But what else would you put in a description? 'Like complex variables but moreso'. I guess you could explain why it's important or interesting. Maybe that would be more interesting and just as useful.

Martin,

that's exactly what I'm saying course descriptions

shouldsay. Don't tell me which theorems I'm going to learn. Tell me what I'll be able to do at the end of the semester that I couldn't do at the beginning.My course description (as it exists http://ece493t3.uwaterloo.ca) does describe the course, I think, in a way similar to what MS advocates. It's certainly more useful for students. (It is indeed unfortunate that MS is not blogging anymore!)

However, I will note that a "traditional" course description is useful for people who are looking at applications and trying to figure out the scope of the classes that a prospective student has taken. I remember that MIT's graduate school application was a bit weirder in that it also required applicants to list course texts that they used.

One distinction that could be worth making is that (in my experience) in the humanities courses are mre often tied to a specific professor, whereas in math (and the sciences more generally) the course is more often tied to specific material.

For example, the storylines I choose to emphasize in linear algebra are very different from those that one of my colleagues likes to teach -- even though we both cover systems of linear equations, eigenvalues, and the other things currently listed in the catalog.

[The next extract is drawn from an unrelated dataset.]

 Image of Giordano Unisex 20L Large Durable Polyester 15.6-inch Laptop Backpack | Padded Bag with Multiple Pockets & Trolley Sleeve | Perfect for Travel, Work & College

This would make it harder for us to agree on a description of the kind that you are proposing -- even though I completely agree with your sentiment.

Calculus I -

A study of the nature of continuous change. Introduces a set of tools for understanding how changes in one quantity affect changes in another quantity. Some emphasis is placed on the notion of "limit", which allows us to understand how a continuous change behaves at one point by considering its behavior at nearby points. Concludes with an investigation of how to calculate areas of irregular figures, and how this process is related to the earlier topics.

Calculus II -

Continues developing the tools needed to calculate areas of irregular figures. Extends the concept of limit to discuss extrapolations of observed patterns "to infinity". Applies this concept to understand aggregates of infinite collections.

Multivariable Calculus -

Further develops the tools in Calculus I and II. Applies these tools to study the geometry of irregular shapes in two and three dimensions.

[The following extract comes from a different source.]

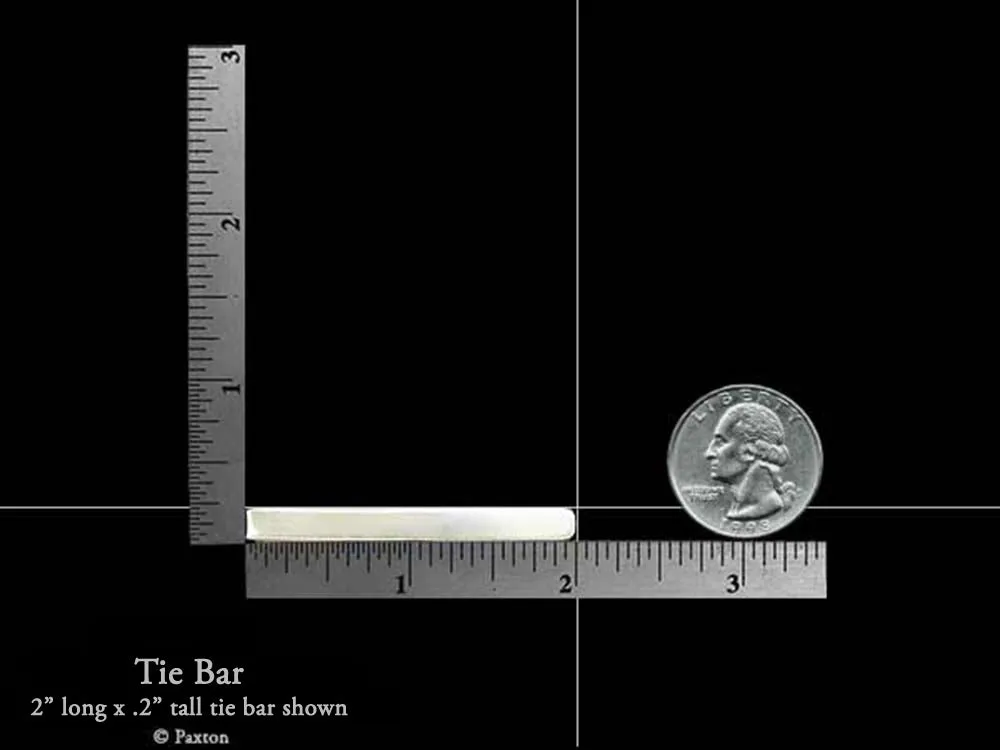 Simple Plain Tie Bar / Tie Clip in Sterling Silver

At my college we're all awash in the effort to define "student learning outcomes." The SLOs are supposed to be included in each official course description so that students will know what they will learn by the end of the course. For example, we're looking at the SLOs devised by one college for Calculus III, which includes language like "compute the curvature at any point on a space curve using vector operations; optimize a multivariate function on a space curve or plane region; utilize multiple integrals using rectangular, polar, cylindrical, or spherical coordinates in problems involving volume, moments, and mass; set up and evaluate line and surface integrals."

It's not a bad start.

(And I miss Moebius Stripper, too!)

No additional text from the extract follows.